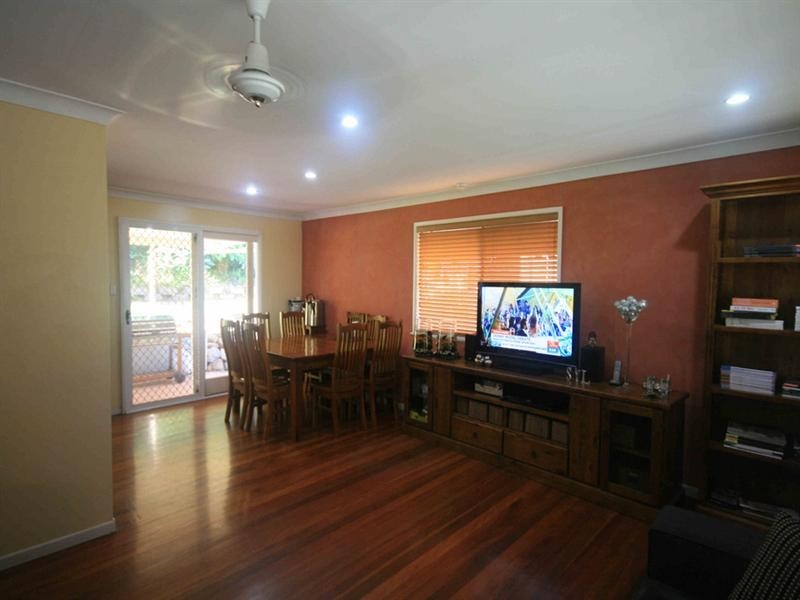 Jindalee QLD 4074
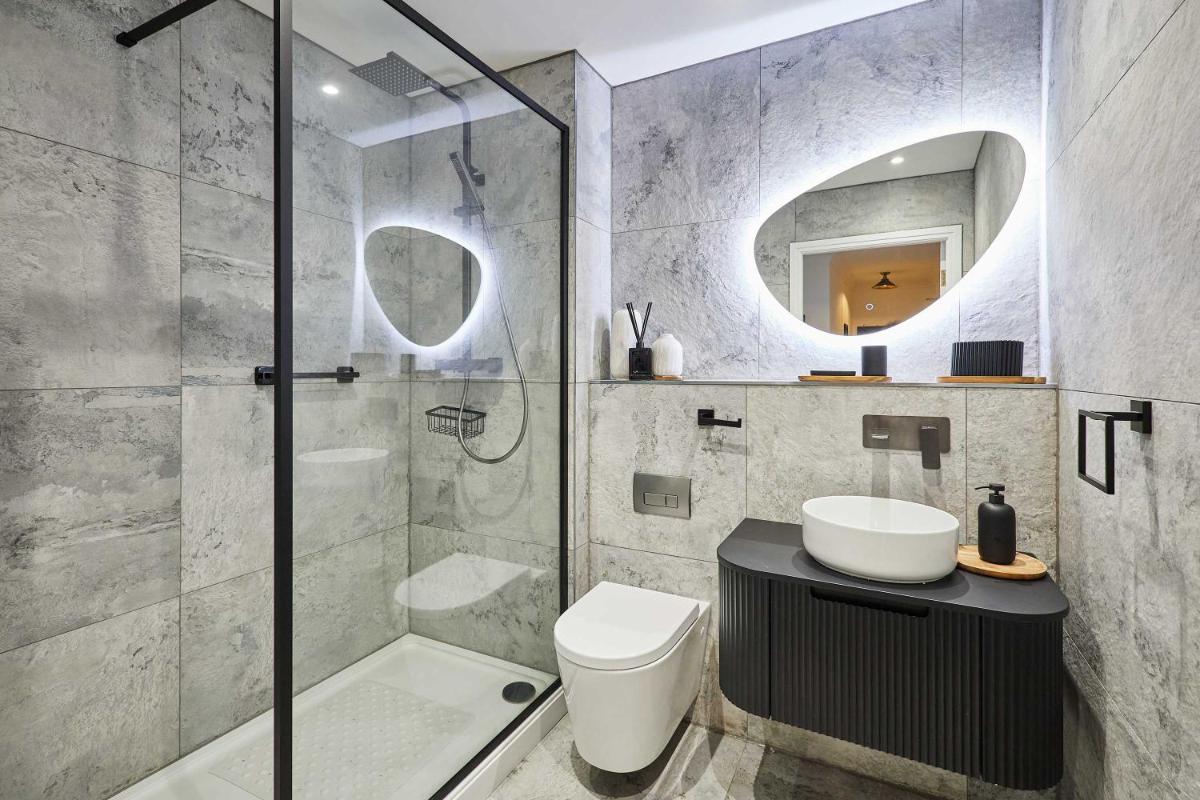Host & Stay - Freshwater View - Housity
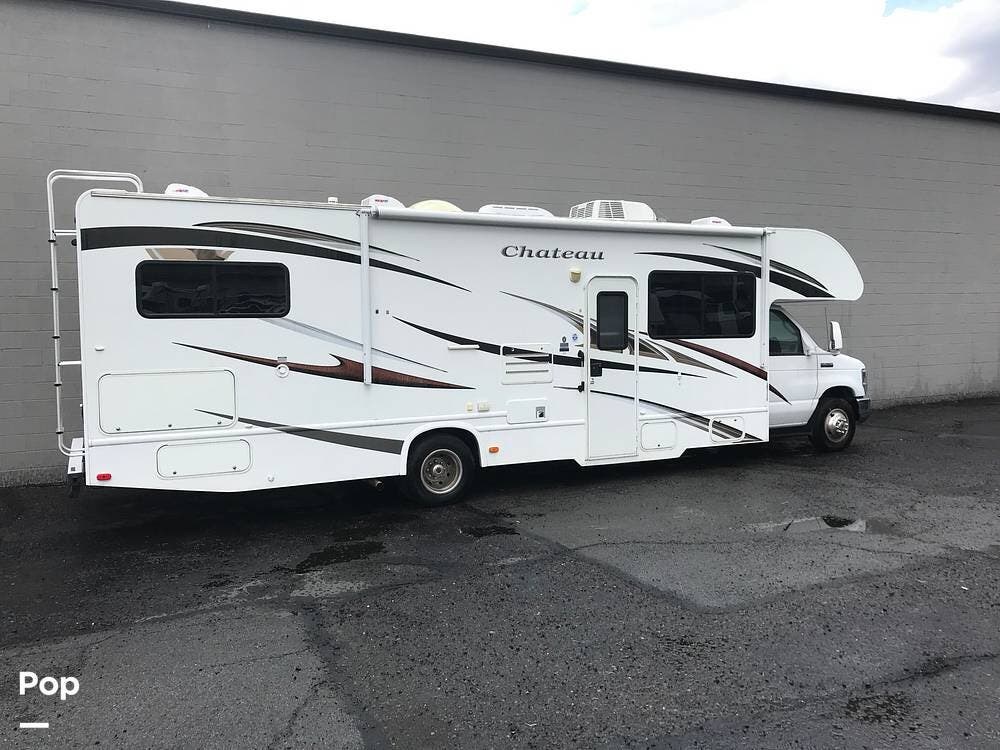 2012 Chateau 31F by Thor Motor Coach from Pop RVs in Carson City, Nevada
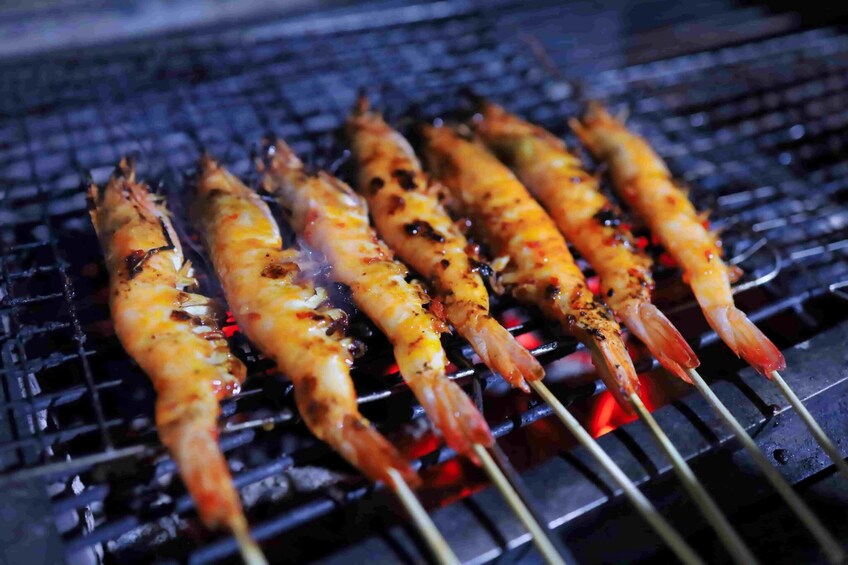 Hochiminh: Taste Of The Night Tour with Foot Massage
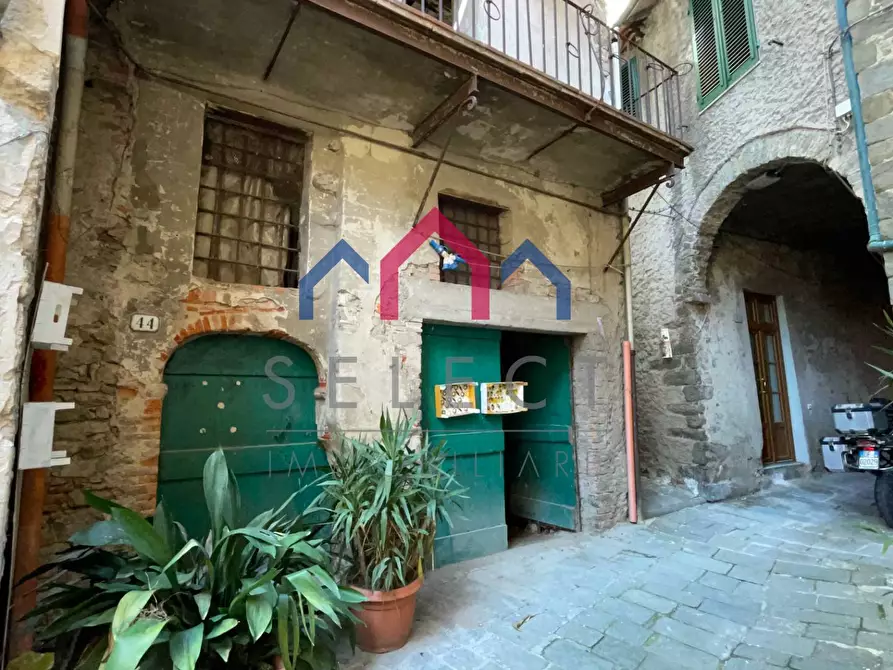 Immagine 21 di Palazzo in vendita  a Borgo A Mozzano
· · · · · · ·
Omit every picture, then reproduce the rest of the listing exactly.

 Jindalee QLD 4074
Host & Stay - Freshwater View - Housity
 2012 Chateau 31F by Thor Motor Coach from Pop RVs in Carson City, Nevada
 Hochiminh: Taste Of The Night Tour with Foot Massage
 Immagine 21 di Palazzo in vendita  a Borgo A Mozzano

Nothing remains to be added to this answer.